Tuberculosis in Children: Expert Lists Its Risk Factors and Treatment Challenges

Tuberculosis (TB) remains a formidable global health challenge, affecting individuals across all age groups. While often associated with adults, children are not immune to this infectious disease, presenting a unique set of challenges in terms of diagnosis, treatment, and prevention.

We spoke to Dr Gajendra Vikram Singh, Chairman, of UP State Task Force (NTEP), Professor and Head, of the Department of Respiratory Medicine, SN Medical College, Agra, who shared insights on the same.

According to Frontiers in Pediatrics, an estimated 2,10,000 youngsters die from TB every year. It is important to note that only 35% of children who have an active TB infection are properly identified and treated; in most low-resource nations, this percentage is far higher.

Prevalence and Incidence

“TB continues to be a significant public health concern worldwide, with an estimated one million new cases reported annually among children aged 0-14 years. Although the burden of the disease is higher in adults, children constitute a substantial portion of those affected”, said Dr Singh.

Transmission and Risk Factors

The transmission of TB occurs through the air, typically when an infected person coughs or sneezes. “Children face an elevated risk of contracting TB when living in close quarters with individuals who have active TB, especially in crowded or poorly ventilated environments.

Additionally, factors, such as malnutrition, HIV infection, and other immunocompromising conditions increase a child’s vulnerability to TB”, added Dr Singh.

Challenges in Diagnosis

Diagnosing TB in children poses a considerable challenge due to the nonspecific nature of symptoms. Symptoms often overlap with those of other common childhood illnesses, leading to delayed or missed diagnoses. Persistent cough, weight loss, fever, and fatigue are common presenting symptoms in children with TB.

Clinical Presentation

Dr Singh highlighted, “Children with TB may present with a variety of symptoms, and extrapulmonary TB (infection outside the lungs) is more prevalent in this population than in adults.

Organs, such as lymph nodes, bones, and the central nervous system can be affected, making the clinical presentation more diverse.”

Traditional TB diagnostic methods, such as sputum smear microscopy, may be less effective in children. To address this, molecular tests, chest X-rays, and tuberculin skin tests are commonly employed to aid in the diagnosis of paediatric TB.

Treatment Challenges

Paediatric TB necessitates a distinctive treatment approach, involving age-appropriate formulations of anti-TB medications. Adherence to a prolonged treatment regimen can be challenging for children and their caregivers, requiring additional support and resources.

Preventive Strategies

Dr Singh said, “Bacillus Calmette-Guérin (BCG) vaccination is a crucial component of routine immunisation in many countries and provides some protection against severe forms of TB in children. Early identification and treatment of latent TB infection in children with known exposure are essential to prevent the progression to active disease.”
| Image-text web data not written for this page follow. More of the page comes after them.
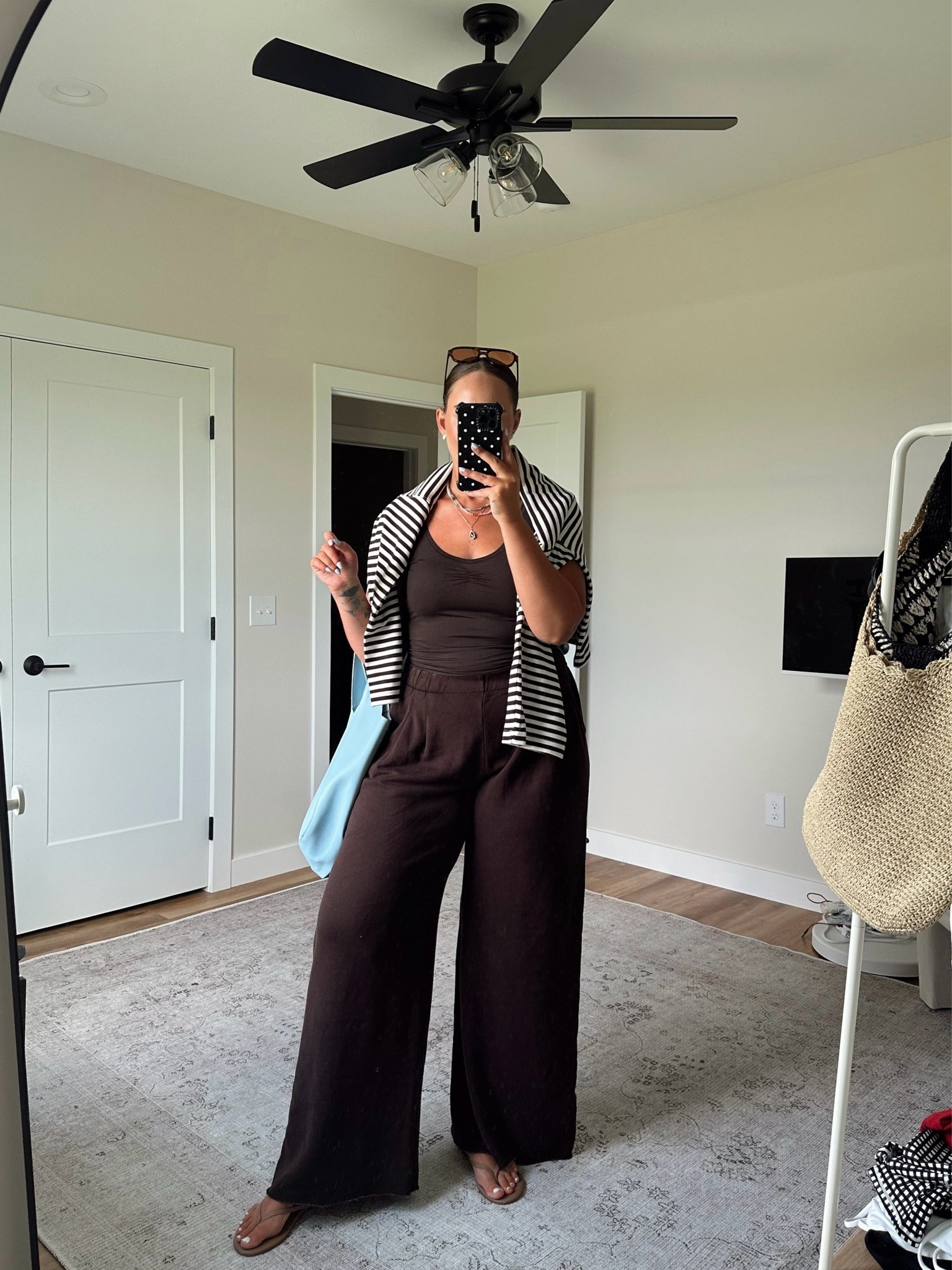 Aerie matching set for fall ✨ 

Tank - large
Sweatpants - large long 

Aerie set, aerie real, 
Tall girl fashion, size 14 summer to fall outfit, midsize fashion, midsize mom style, casual early fall outfit, fall transitional outfit inspiration, tall women clothing, everyday outfit ideas, mom outfit ideas for fall, early fall outfits 2026 women, midsize summer outfits, casual mom outfits, casual outfit ideas, cozy fall outfits,

#LTKSaleAlert #LTKTall #LTKMidsize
Public Health Interventions

To effectively address paediatric TB, public health efforts should focus on reducing the overall burden of the disease. This involves improving living conditions, enhancing awareness among communities, healthcare providers, and parents, and integrating efforts into broader global strategies aimed at reducing the overall burden of TB.
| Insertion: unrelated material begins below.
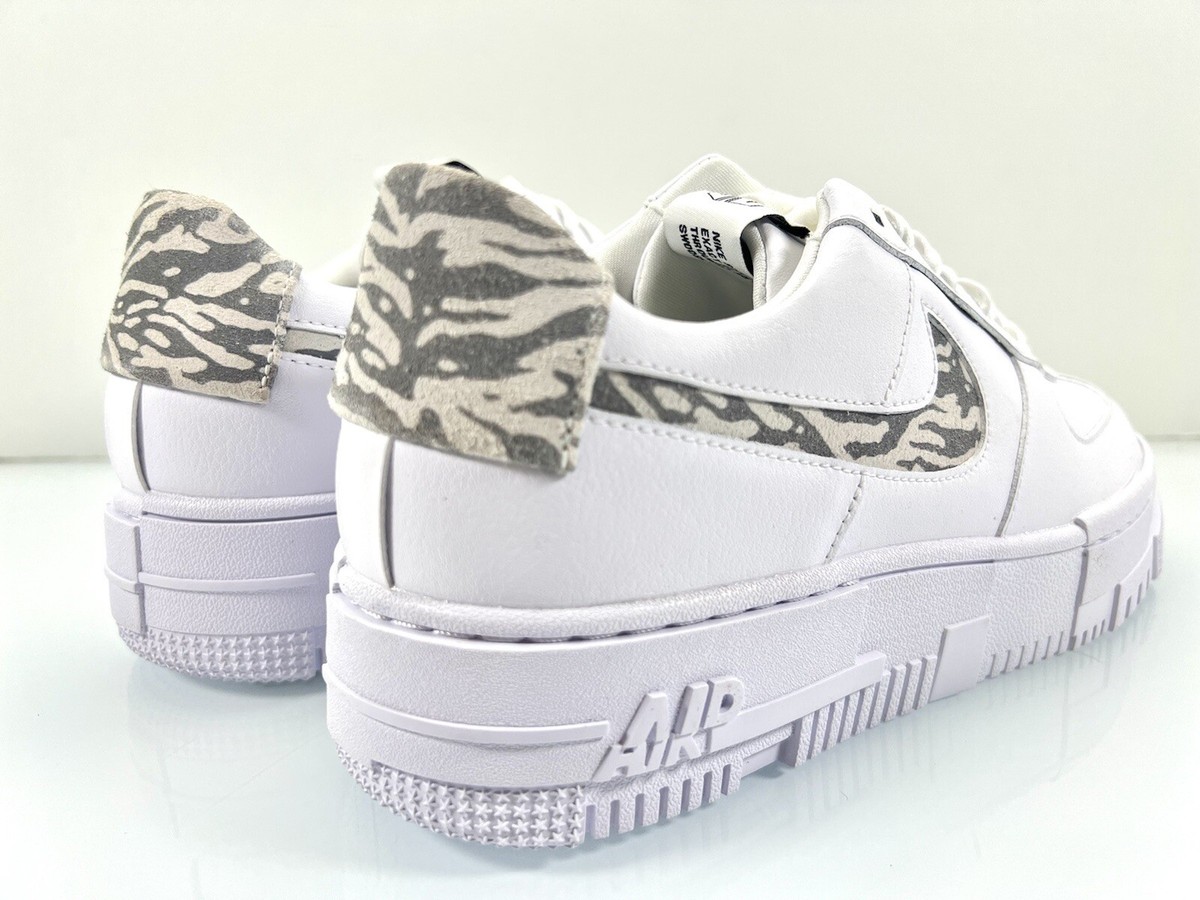 NIKE W AF1 PIXEL SE AIR FORCE 1 ZEBRA SUMMIT WHITE DH9632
Dr Singh concluded, “Tuberculosis in children presents unique challenges that require a comprehensive and multidisciplinary approach.

By increasing awareness, improving diagnostic tools, and developing child-friendly treatment regimens, we can make significant strides in addressing the impact of TB on the paediatric population.

Efforts to combat paediatric TB must be an integral part of the broader global strategy to control and eliminate this infectious disease.”